It’s London in 1796 and Lady Lucinda Davenport, along with her mentally retarded and overly-large brother and her servants, set out to kidnap a well-known Duke for purposes later revealed in the book…and Lord, are they revealed.
Lucien Brandord, IV Duke of Carlsborough, is handsome, virile, and one of England’s richest. His sexual appetite is usually satisfied by some of the areas finest courtesans, but on this given night, as he leaves a high-brow brothel, he’s approached by a mysterious and veiled woman who claims to need his help.
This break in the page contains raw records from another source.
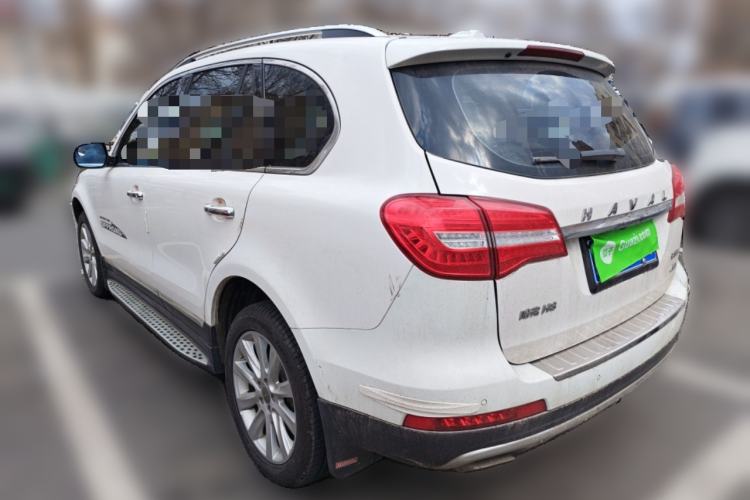 Used Haval H8 2015 2.0T Four-Wheel Drive Luxury Model Rear Left 45 Deg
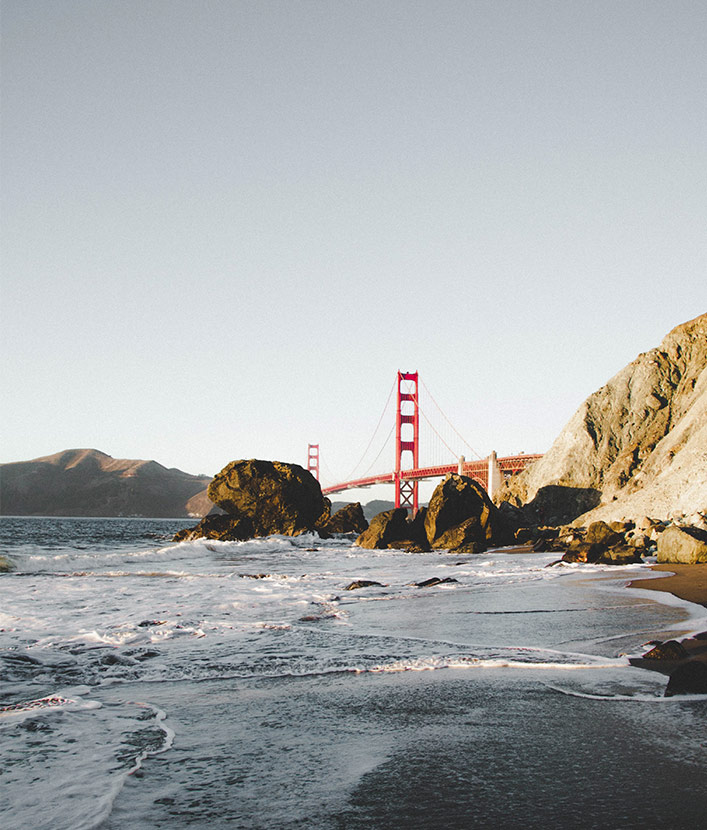San Francisco Bridge - Sea views
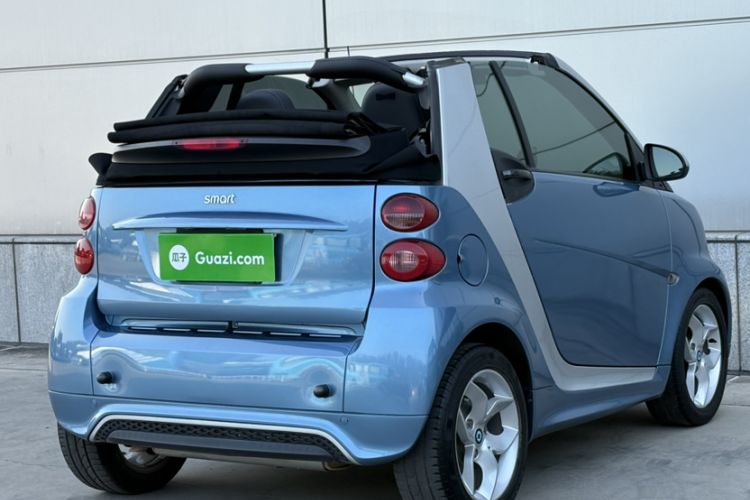 Used smart fortwo 2013 1.0T Convertible Passion Edition Exterior 5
As he hurries to her waiting carriage, he’s suspicious, but the plea to help the injured woman inside convinces him to enter.
Pinned in the darkness of a blanket wielded by the largest man he’s ever seen, the Duke is swept away into the night and taken hours away from his home, only to be shackled hand and foot to a bed while blindfolded to protect the identity of his abductors. He has no idea what’s in store for him.
While Desperate Desires is Ms. Wolffe’s first “historical” and advertised as a “sweet and spicy novella,” I found it to be more than just a little spicy. For me, the sweetness and historical facets are lost among the overuse of sexual “buzz” words which soon became tiresome. The limited historical references made in the book were accurate, and I admit the author writes with descriptive flare. However, reading with my ever present internal editor on, I did notice a great deal of head-hopping and constant reference to the coloring of Lucinda’s cheeks while in her POV. The editorial issues should have been caught before publication, but there were parts of this book I found very enjoyable. In all fairness, had I known it was such an erotic book, I would have declined reading it. For my liking, there was too much sex and too little story, plus the ending was too predictable. Those who enjoy voyeurism will find great delight in this book. If you give a heat-rating based on sexuality, then this book is on fire.